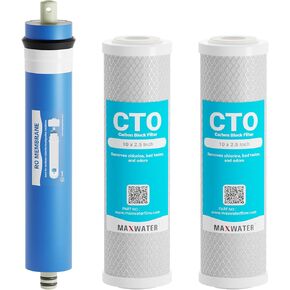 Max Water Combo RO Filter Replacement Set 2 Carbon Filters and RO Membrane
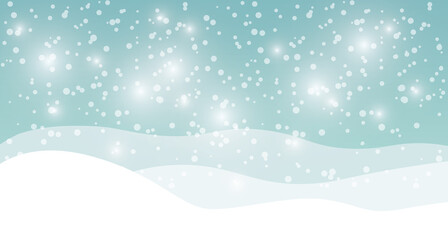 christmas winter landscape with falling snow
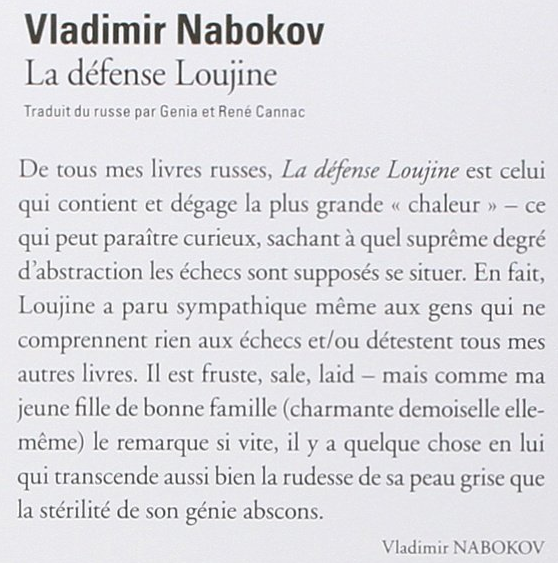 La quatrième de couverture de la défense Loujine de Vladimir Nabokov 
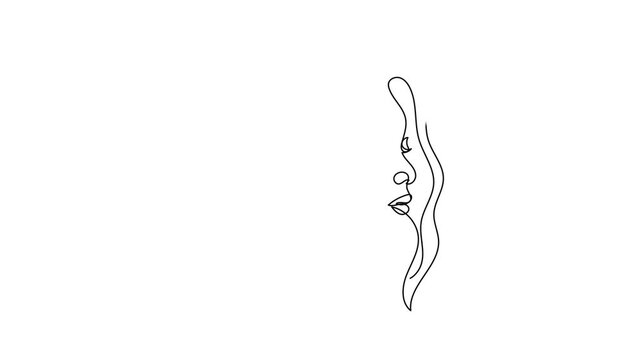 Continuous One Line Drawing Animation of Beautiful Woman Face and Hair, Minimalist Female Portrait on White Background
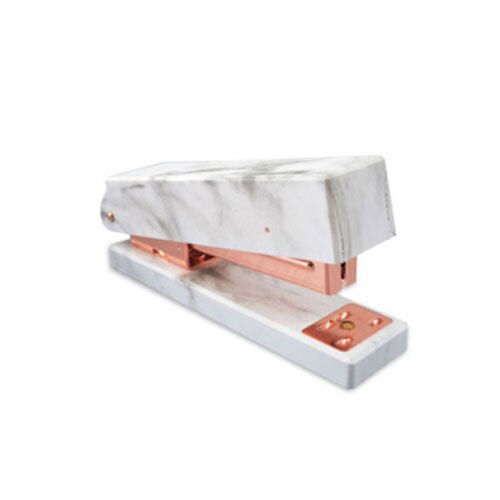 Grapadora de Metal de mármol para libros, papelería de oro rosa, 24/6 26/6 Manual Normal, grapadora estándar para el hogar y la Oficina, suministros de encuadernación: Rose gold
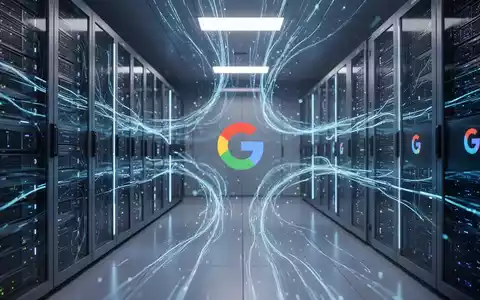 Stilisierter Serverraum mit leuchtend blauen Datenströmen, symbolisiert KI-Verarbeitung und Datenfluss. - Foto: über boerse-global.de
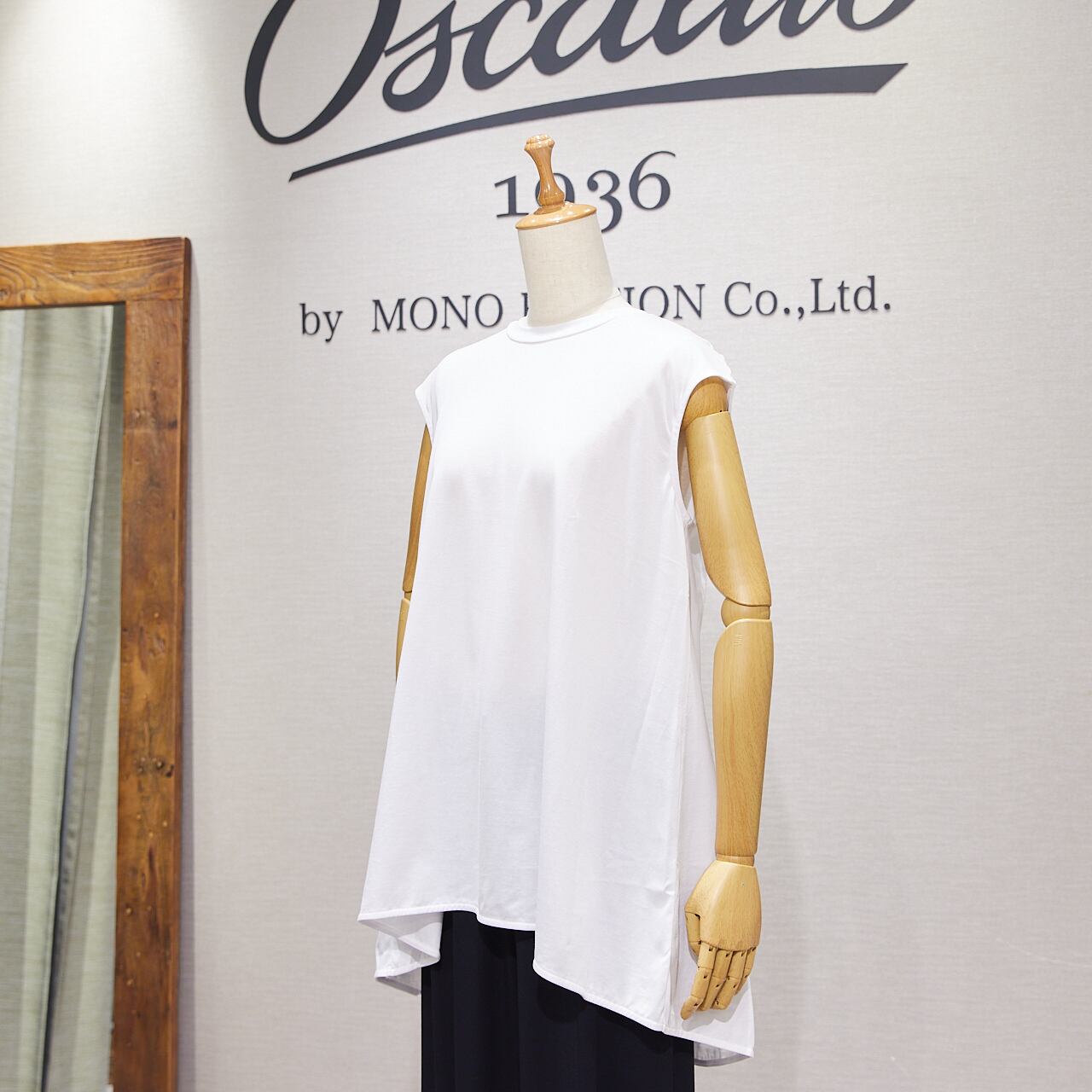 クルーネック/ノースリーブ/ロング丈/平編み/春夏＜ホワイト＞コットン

_Work instructions_
Output the lines of the data exactly, starting at the first and ending with the line that has "La quatrième de". Pictures are not part of it.

_Solved exercise_
 Max Water Combo RO Filter Replacement Set 2 Carbon Filters and RO Membrane
 christmas winter landscape with falling snow
 La quatrième de couverture de la défense Loujine de Vladimir Nabokov 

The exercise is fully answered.